Stumbled up on the statement: "if we puncture a binary even weight code the covering radius decreases by one", yet I'm having some difficulty proving it.

It's mainly because I don't see where the even weight of the codewords comes into play. I was able to prove that puncturing a binary code would not necessarily change the covering radius with an example, but can't prove said statement. Am I missing an obvious step?

Answer 1

Let $\mathcal{C}$ be your code (of length $n$), and let $\rho$ be its covering radius. To each vector $x\in\Bbb{F}_2^n$ let $d_{\mathcal{C}}(x)$ be the minimum Hamming distance from a codeword of $\mathcal{C}$ to $x$. It follows that $$\rho=\max\{d_{\mathcal{C}}(x)\mid x\in\Bbb{F}_2^n\}.$$

Let $\mathcal{C}'$ be the punctured code. Similarly, for all $x\in\Bbb{F}_2^n$ let $x'$ be the corresponding punctured vector.
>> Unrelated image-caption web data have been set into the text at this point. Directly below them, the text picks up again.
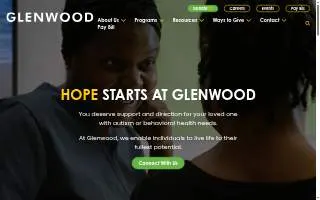 Glenwood Behavioral Therapy Center website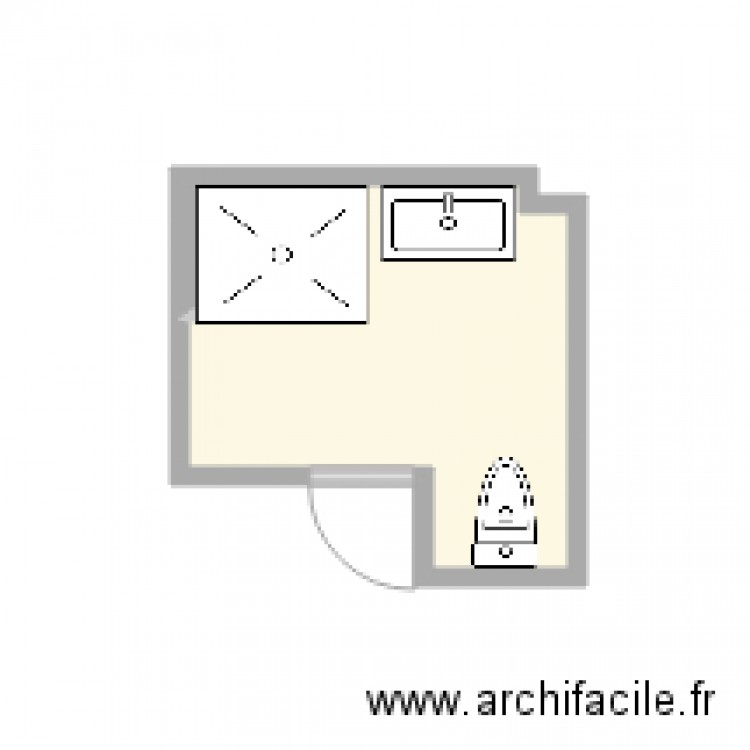 daubard sdb. Plan de 0 pièce et 0 m2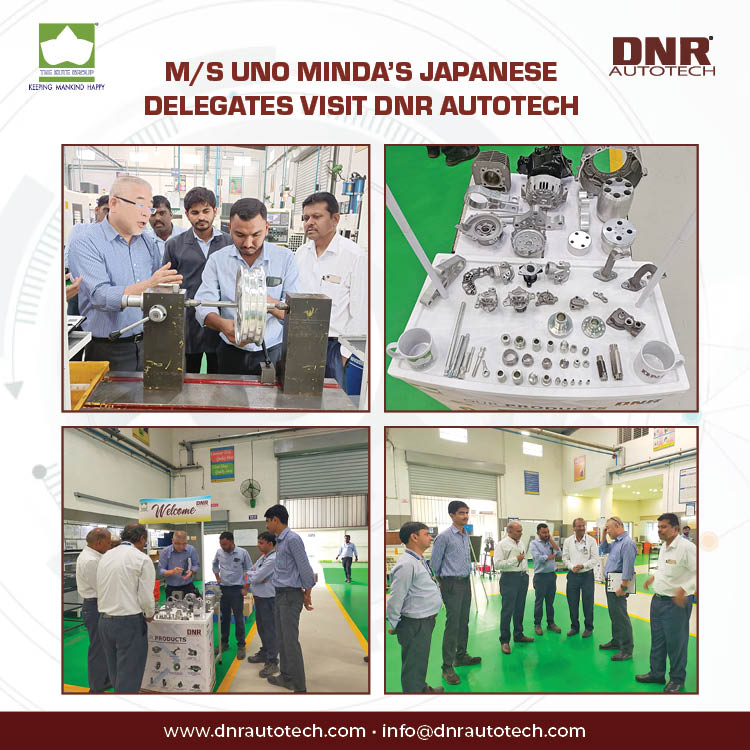 M/s Uno Minda's esteemed Japanese delegates visited DNR Autotech to review and appreciate our relentless efforts in launching our Machining project over the last three months. We are starting a new business with them.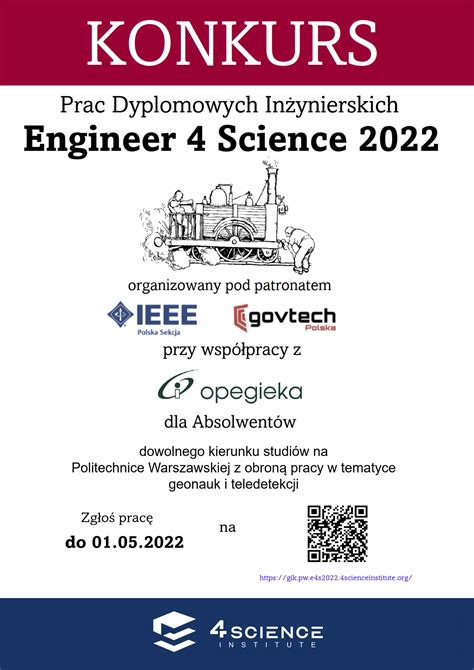 Konkurs Engineer 4 Science 2022 Dla Prac Z Zakresu Teledetekcji I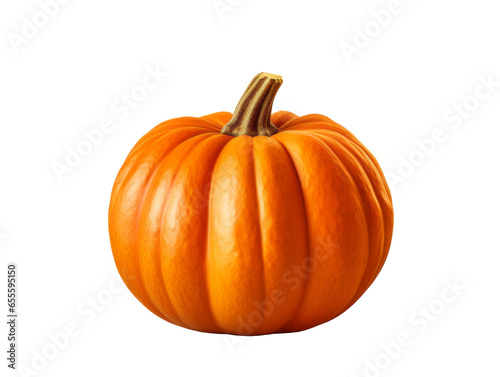 Pumpkin isolated on transparent or white background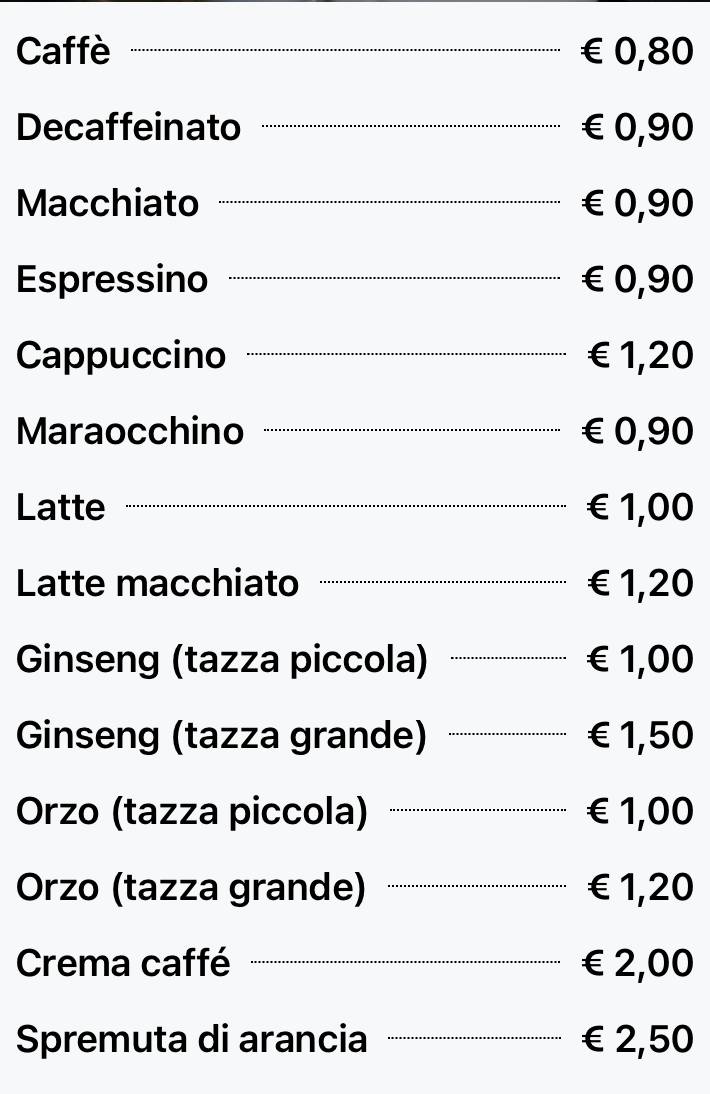Menu di BAR BERMUDA 2.0 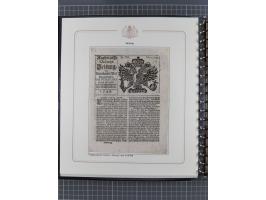 1569/1843 (ca.), aufgezogene Sammlung mit rund 150 Vorphila Briefen sowie einigen Dokumenten, Reisescheinen, etc., dabei blau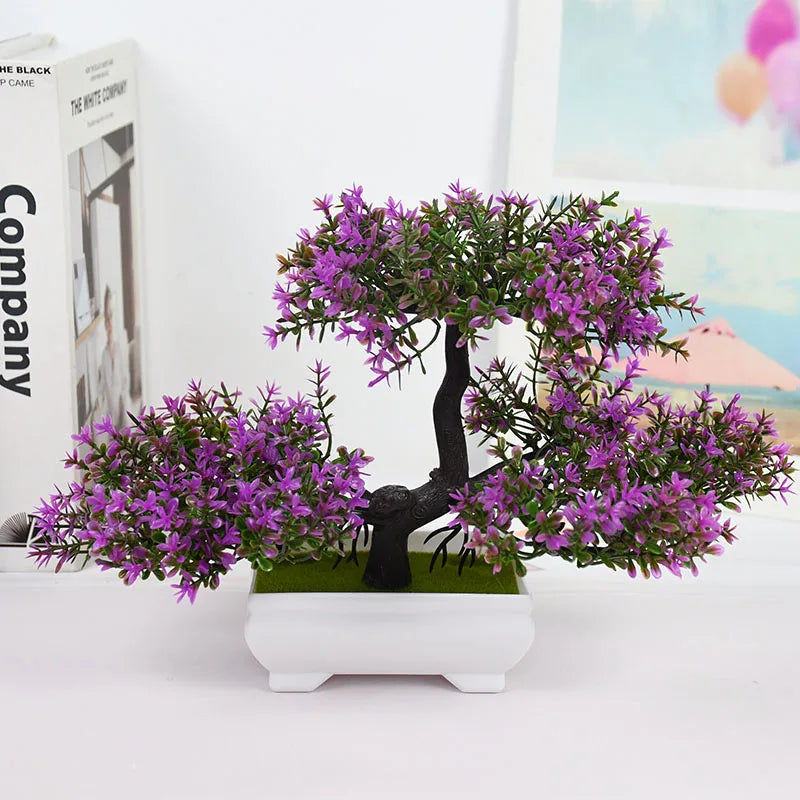 Artificial Bonsai Tree – Elegant Potted Ornament for Home and Garden Decor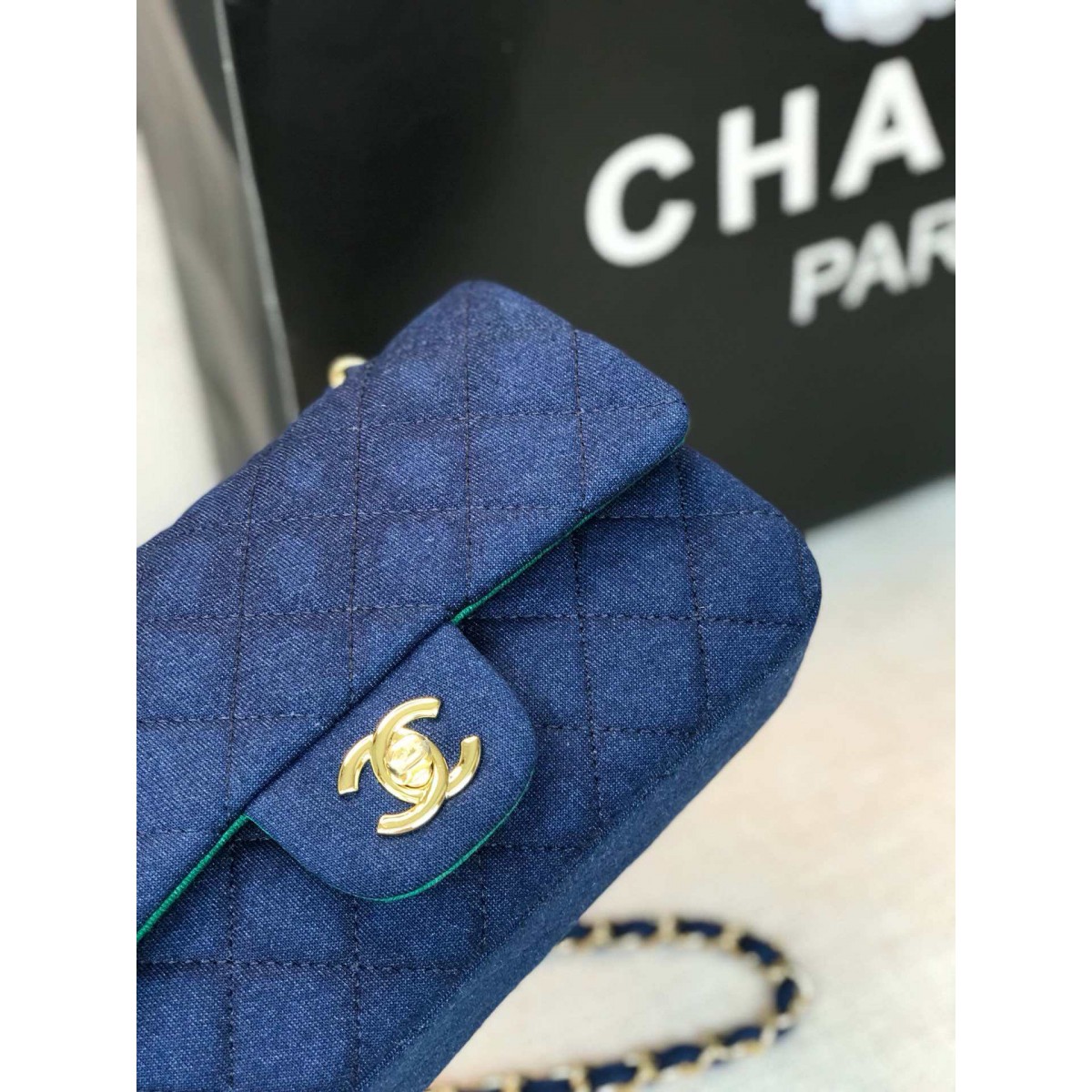 Chanel Jersey Classic Handbag A01112 Chanel Jersey Classic Handbag A01112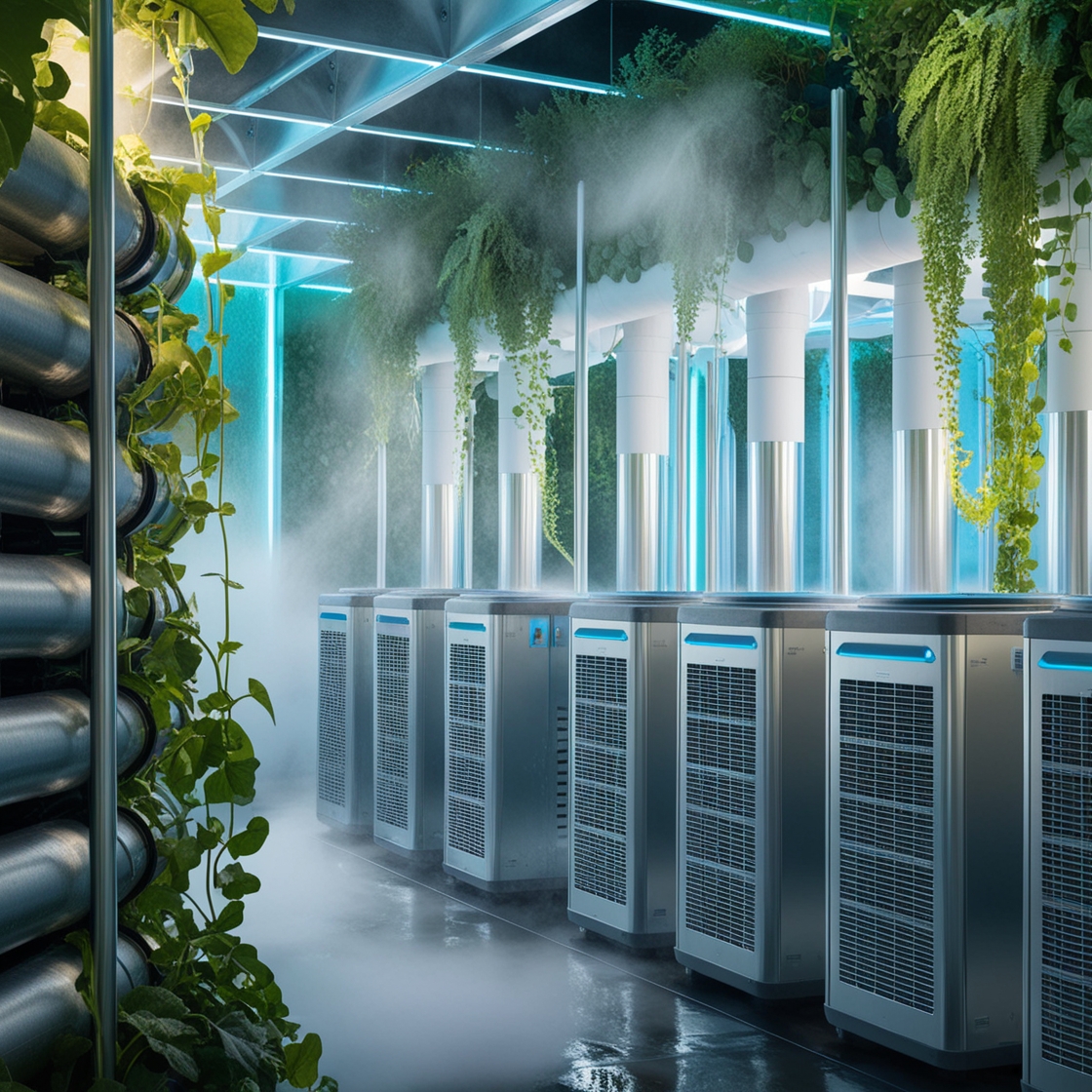 Chiller requirements for aeroponics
Consider a vector $y\in\Bbb{F}_2^{n-1}$.

Justify the following:

• There are two vectors, $x$ and $\overline{x}$, differing at the punctured position, such that $x'=y=\overline{x}'$.
• The weights of $x$ and $\overline{x}$ have opposite parities.
• Because all the words of $\mathcal{C}$ have an even weight, the distances $d_{\mathcal{C}}(x)$ and $d_{\mathcal{C}}(\overline{x})$ have opposite parities also.
• Therefore either $d_{\mathcal{C}}(x)$ or $d_{\mathcal{C}}(\overline{x})$ is $\le\rho-1$.
• Therefore $d_{\mathcal{C'}}(y)\le\rho-1$. In other words, the covering radius of $\mathcal{C}'$ is at most $\rho-1$.
• But if $d_{\mathcal{C}}(x)=\rho$, then $d_{\mathcal{C'}}(x')\ge\rho-1$, so the covering radius of $\mathcal{C'}$ is exactly $\rho-1$.